(Crawled caption data)
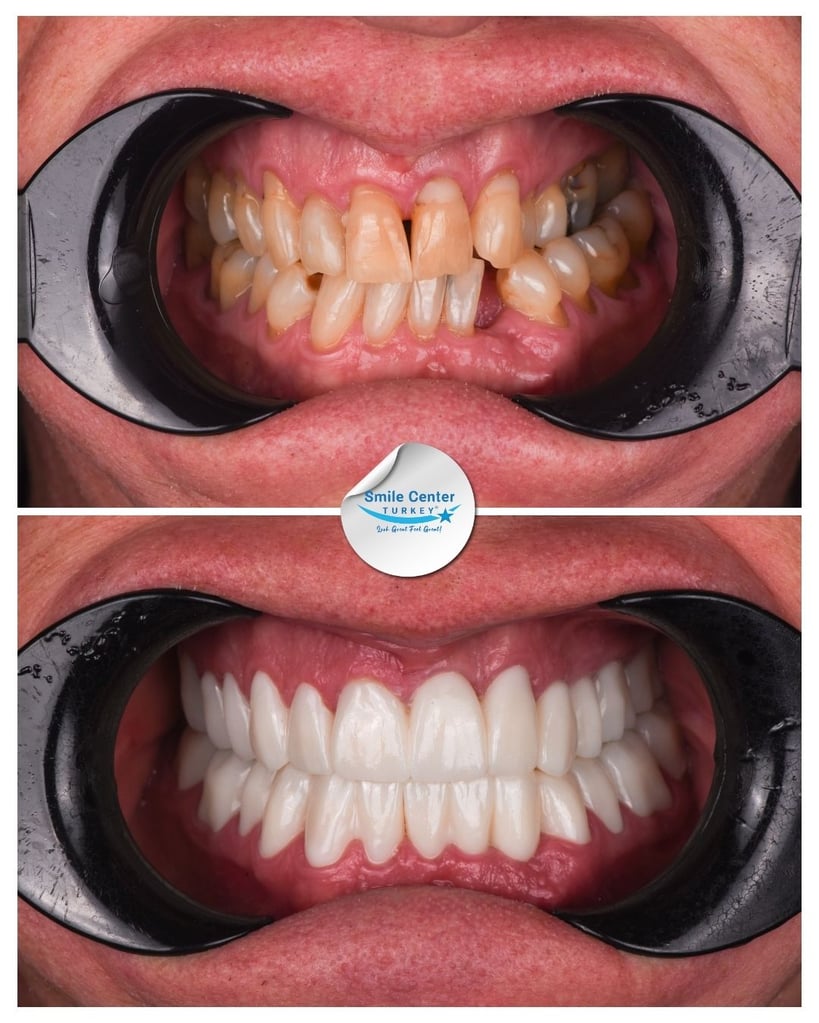 Before and after front view of a patient's teeth with cheek retractors, showing yellowed, chipped teeth before treatment and white, straight teeth after dental restoration at Smile Center Turkey.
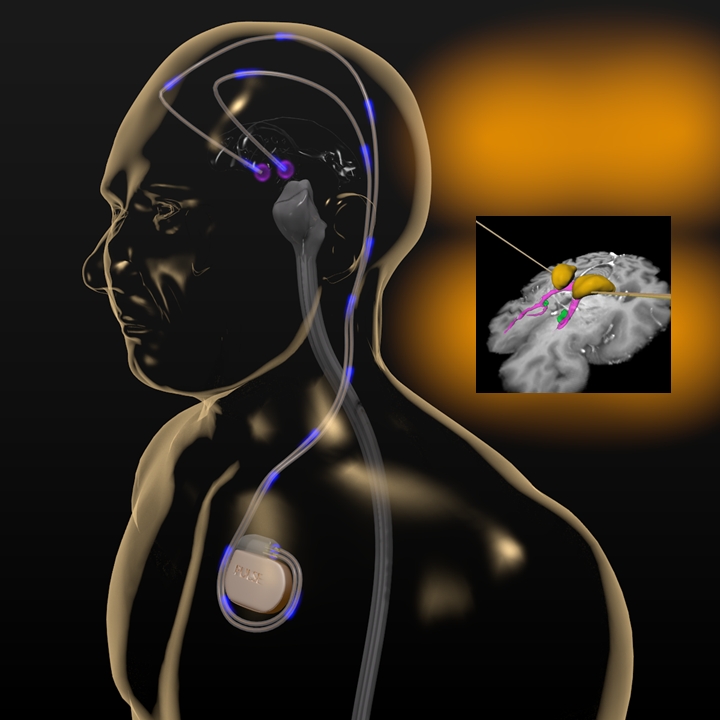 Diagram of a brain stimulator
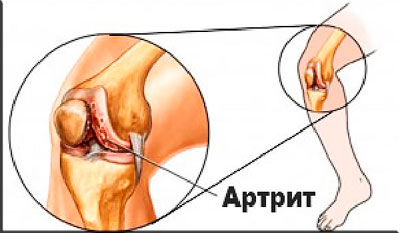 Артрит в разрезе коленного сустава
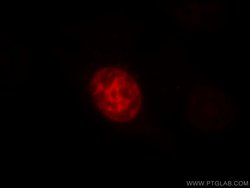 TPX2 Rabbit anti-Human, Mouse, Rat, Polyclonal, Proteintech 150 &mu;L;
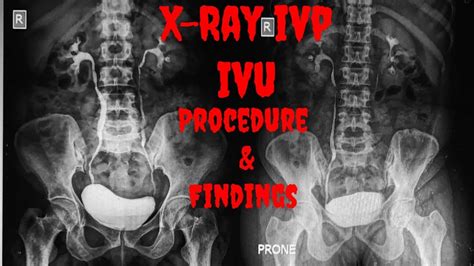 X Ray Ivp Xray Ivu Procedure Indications Findings Intravenous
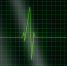 electrocardiogram-g0a8607c00_1280 - Сетевое издание Арбуз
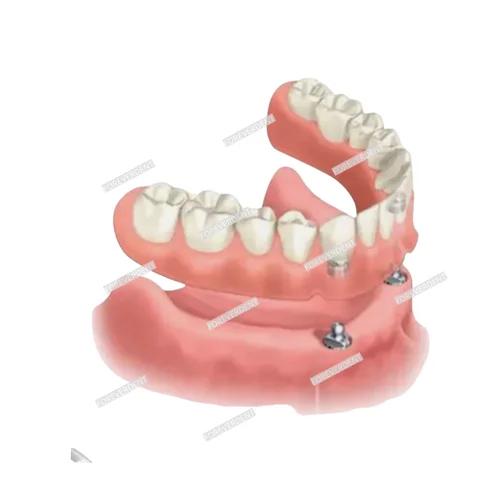 Imagen 2 del producto Kit de tapa de junta tórica Dental OSS, tapas de retención, bola de retención de sobredentadura, carcasa de Metal 4N, 4 unidades/Kit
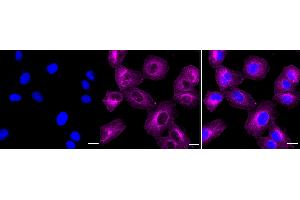 Immunocytochemical staining of HT- cells with EIF2AK4 antibody (ABIN7798505), 1:1,000).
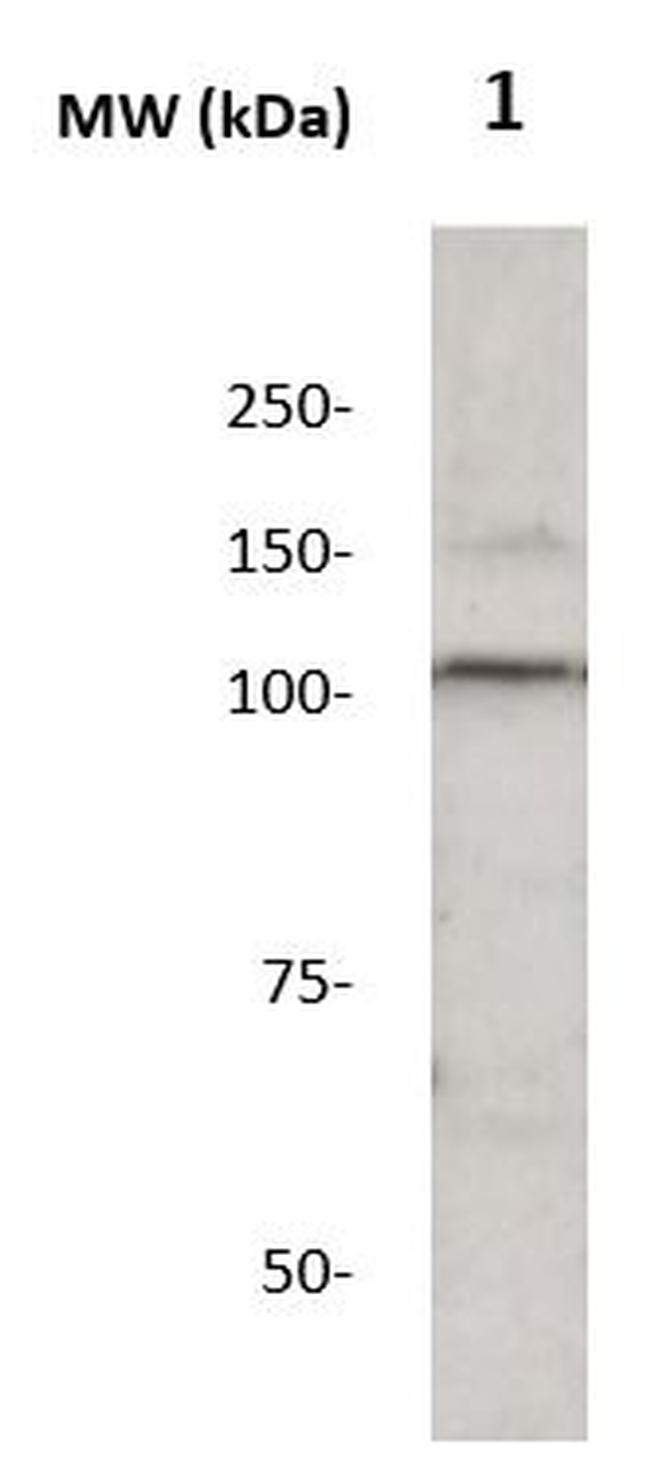 Corin Antibody in Western Blot (WB)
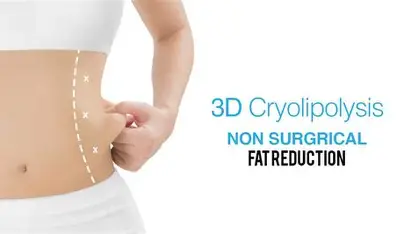Cryolipolysis – Fat Reduction Through Freezing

Problem details
Output only the lines from the one that contains "Diagram of a brain stimulator" to the end of the entries above, both end lines included, and drop the pictures.

Exercise response
 Diagram of a brain stimulator
 Артрит в разрезе коленного сустава
 TPX2 Rabbit anti-Human, Mouse, Rat, Polyclonal, Proteintech 150 &mu;L;
 X Ray Ivp Xray Ivu Procedure Indications Findings Intravenous
 electrocardiogram-g0a8607c00_1280 - Сетевое издание Арбуз
 Imagen 2 del producto Kit de tapa de junta tórica Dental OSS, tapas de retención, bola de retención de sobredentadura, carcasa de Metal 4N, 4 unidades/Kit
 Immunocytochemical staining of HT- cells with EIF2AK4 antibody (ABIN7798505), 1:1,000).
 Corin Antibody in Western Blot (WB)
Cryolipolysis – Fat Reduction Through Freezing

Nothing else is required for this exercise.